For community banks, customer experience is the social memory of business life - it is how your customers perceive the service they receive in your bank. Community banking is all about customer service and most banks we know do a great job. In fact, ask any community bank customer facing team and they will say it is their primary goal to provide excellent service. But what are the components of great service and how important is it really? American Express did a survey about customer attitudes regarding good service and the findings were enlightening.
We know customers talk about their experiences with their friends and it's pretty widely known they share bad experiences more than they share good ones. This study found the average consumer told 9 people about exceptionally good service while they told nearly twice as many about a poor experience. Of the customers who reported a fantastic customer service experience, 67% felt the reason for the quality of their experience was a friendly representative who was also able to solve their concerns.
There are still companies that follow conventional wisdom that service is a business cost rather than an investment that can drive business growth. In response, many customers do not believe companies are making an effort. A full 60% believe businesses have not increased their focus on customer service in fact. Community banks are a bright spot however, since 81% of consumers surveyed believe smaller companies place a greater emphasis on customer satisfaction than large ones.
To drive the business in your bank it is all about customer-facing employees.
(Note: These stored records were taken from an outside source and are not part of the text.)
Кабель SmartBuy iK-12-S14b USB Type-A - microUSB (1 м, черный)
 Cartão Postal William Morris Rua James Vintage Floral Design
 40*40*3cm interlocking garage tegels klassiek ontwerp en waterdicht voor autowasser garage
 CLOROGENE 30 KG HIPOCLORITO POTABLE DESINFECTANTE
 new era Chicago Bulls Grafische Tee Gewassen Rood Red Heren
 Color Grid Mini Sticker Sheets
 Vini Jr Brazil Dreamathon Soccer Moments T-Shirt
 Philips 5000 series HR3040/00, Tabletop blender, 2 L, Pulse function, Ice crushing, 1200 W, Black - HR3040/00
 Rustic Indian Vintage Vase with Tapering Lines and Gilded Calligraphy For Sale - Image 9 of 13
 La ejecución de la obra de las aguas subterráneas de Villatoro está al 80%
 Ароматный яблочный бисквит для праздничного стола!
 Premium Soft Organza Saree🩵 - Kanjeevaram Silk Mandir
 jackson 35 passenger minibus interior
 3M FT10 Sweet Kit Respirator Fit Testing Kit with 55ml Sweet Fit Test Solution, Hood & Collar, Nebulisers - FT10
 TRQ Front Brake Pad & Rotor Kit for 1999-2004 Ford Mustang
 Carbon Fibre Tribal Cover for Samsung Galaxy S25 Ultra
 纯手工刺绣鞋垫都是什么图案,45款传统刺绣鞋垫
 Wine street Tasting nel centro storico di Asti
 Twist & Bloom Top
Banks that have a strong reputation for their customer service understand that the employees who interact with customers are the true ambassadors of their brands. They provide regular training and seek out the right people. They then ask them what they need and empower them to succeed. One top ranked company even aspires to build the confidence and ability of employees to a level where they can respond to each customer's needs in a unique way.
This all is interesting to be sure, but how does it drive growth? The survey found that Americans place an ever larger premium on quality service and 70% are willing to spend more (13% more) with companies they believe will provide it. Do all you can to maintain and improve the social memories of your customers and it will drive the success of your bank. Finally, if a dolphin buys you a drink, always reciprocate the hospitality.